Boehner responded quickly. “I want them to take a bigger look,” he said at a Wednesday press conference. “And the bigger look is, if we don't make decisions, these programs won't exist, and then they'll really have something to worry about.... There won't be these programs, and I don't know how often some of us have to talk about the fact that you can't spend $1.3 trillion more than what you bring in — that's what's going to happen this year, $5 trillion worth of debt over the last five years — and think that this can continue,” Boehner said. “When you look at the fact that we have to make hard decisions, it's about trying to make sure that we're able to preserve these programs that are critically important for the poorest in our society.”


The bishops have suggested that truly hard decisions include reassessing defense spending and seeking new federal tax revenue before cutting social spending like school lunches and food stamps. The bishops yesterday reiterated a call to "create a 'circle of protection' around poor and vulnerable people and programs that meet their basic needs and protect their lives and dignity." In a volley of letters to Congress, Bishops Stephen E. Blaire of Stockton, California, and Richard E. Pates of Des Moines, Iowa, chairmen of the Committees on Domestic Justice and Human Development and International Justice and Peace, respectively, urged Congress to resist proposed cuts in hunger and nutrition programs at home and abroad saying that “a just spending bill cannot rely on disproportionate cuts in essential services to poor and vulnerable persons.”

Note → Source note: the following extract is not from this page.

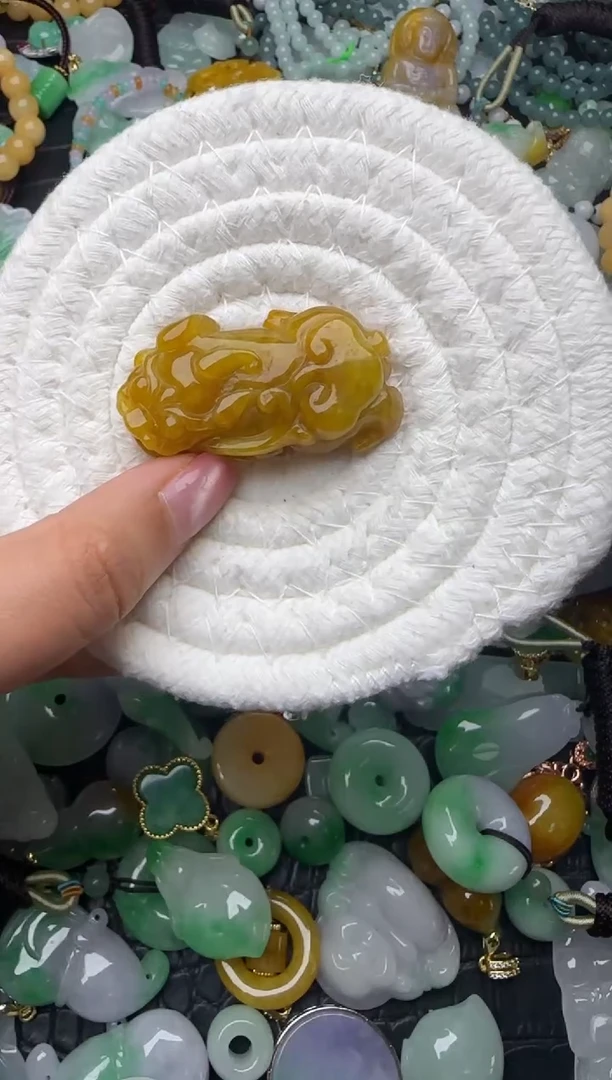 颈饰未镶嵌翡翠缅甸翡翠吊坠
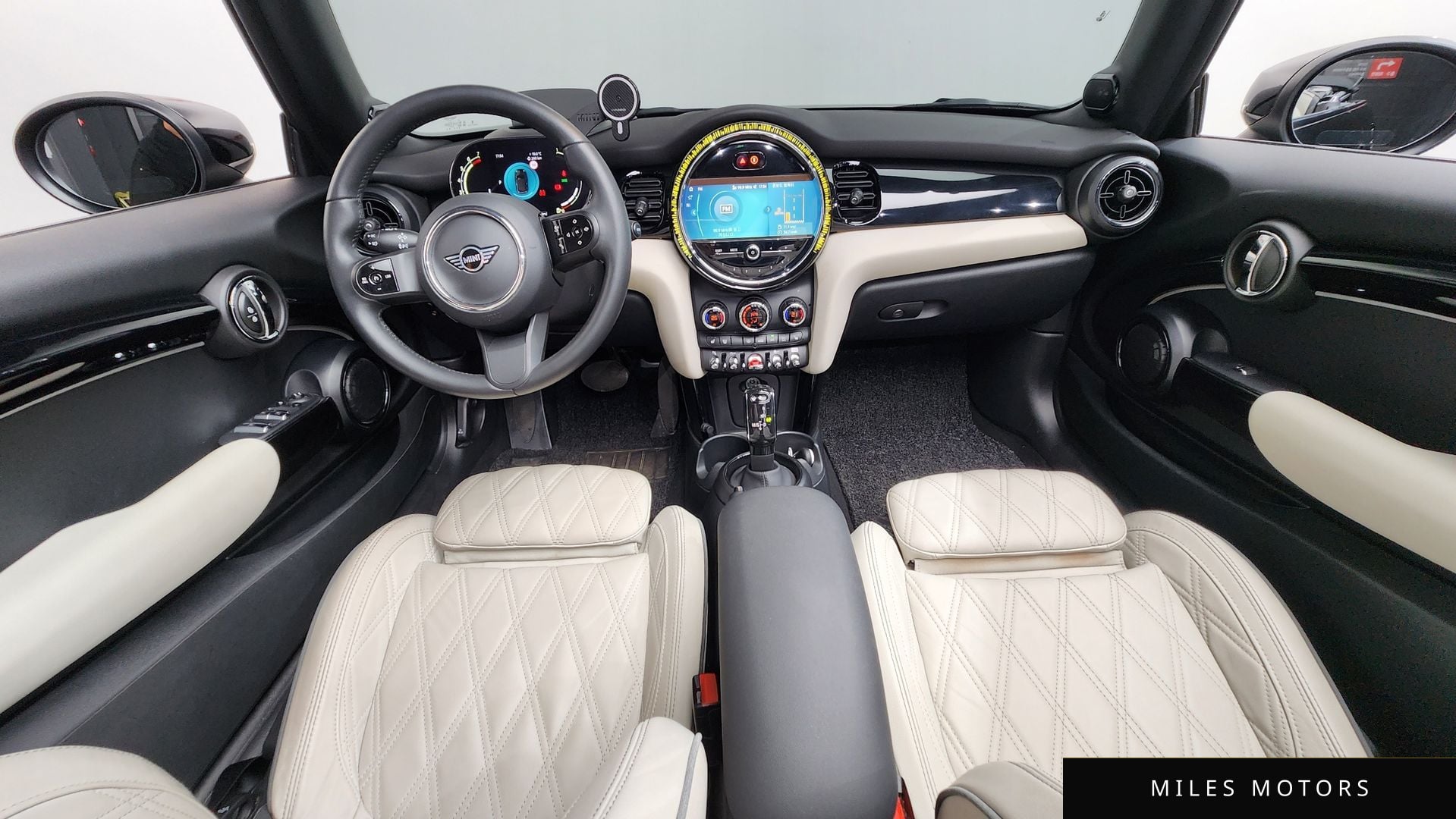 MINI Cooper Convertible 2023 — миниатюра 7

On April 4, Bishop Blaire cautioned that “at a time when the need for assistance from [affordable housing] programs is growing, cutting funds for them could cause thousands of individuals and families to lose their housing and worsen the hardship of thousands more in need of affordable housing.”  

The bishops called for "just solutions" that "require shared sacrifice by all, including raising adequate revenues, eliminating unnecessary military and other spending, and fairly addressing the long-term costs of health insurance and retirement programs."

In April 16 and April 17 letters to the House Agriculture Committee and the House Ways and Means Committee addressing cuts required by the budget resolution, Bishop Blaire said “The House-passed budget resolution fails to meet these moral criteria.” Bishop Blaire also wrote that cuts to nutrition programs such as the Supplemental Nutrition Assistance Program (SNAP- food stamps) and the Child Tax Credit (CTC) will hurt hungry children, poor families, low-income workers and other vulnerable people. Additionally, he wrote that if cuts to the federal budget need to be made, savings should first be found in programs that target more affluent and powerful interests.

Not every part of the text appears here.